TASK DETAILS: An exact transcription is needed, beginning at the line with "Hotel Mauritius - Im" and ending at the last line of the listing, with pictures left out and nothing else added.

DATA EXCERPT:

┌──

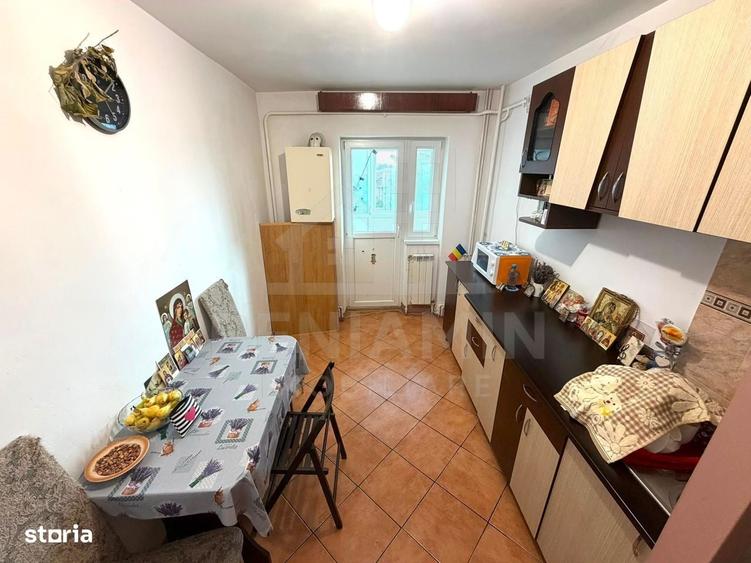 Apartament cu 3 camere decomandat în 1 Mai
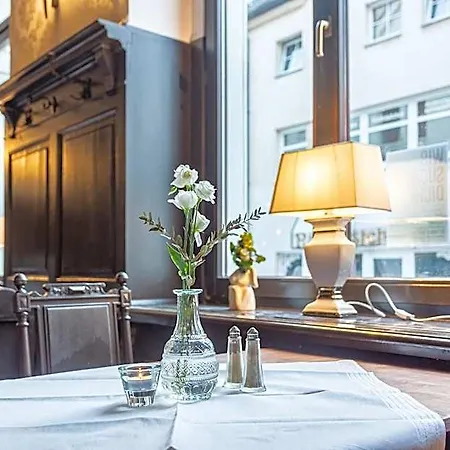 Hotel Mauritius - Im Herzen Von - Frühstück Buchbar - Restaurant - Café - Fahrradbox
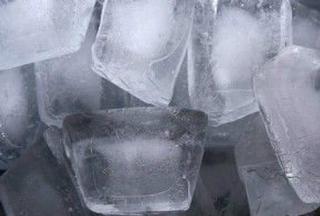 cubo de hielo y dr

└──

YOUR SOLUTION:
 Hotel Mauritius - Im Herzen Von - Frühstück Buchbar - Restaurant - Café - Fahrradbox
 cubo de hielo y dr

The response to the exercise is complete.